* **Work instructions**: Please retype the listing below word for word and exclude its images.

* **Dataset extract**:
☆ ☆ ☆ ☆ ☆ ☆ ☆

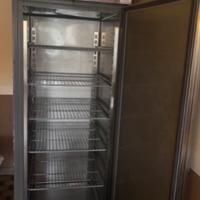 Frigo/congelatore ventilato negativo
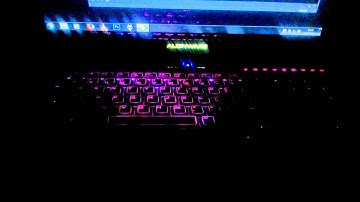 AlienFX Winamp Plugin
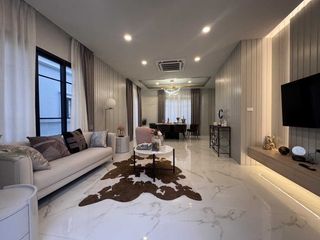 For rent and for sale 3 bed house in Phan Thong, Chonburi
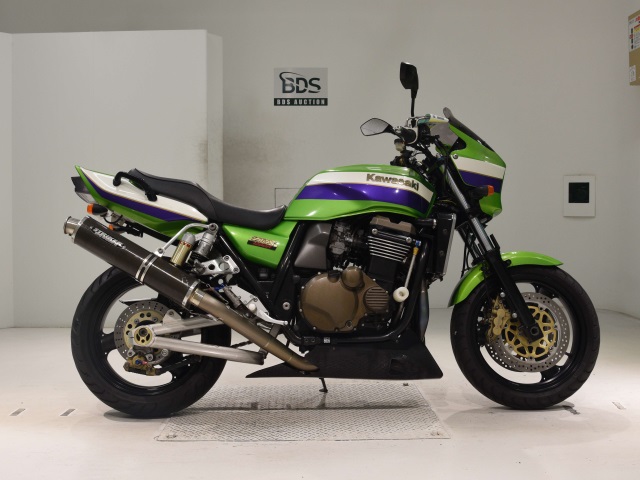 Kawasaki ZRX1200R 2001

☆ ☆ ☆ ☆ ☆ ☆ ☆

* **Exercise response**:
 Frigo/congelatore ventilato negativo
 AlienFX Winamp Plugin
 For rent and for sale 3 bed house in Phan Thong, Chonburi
 Kawasaki ZRX1200R 2001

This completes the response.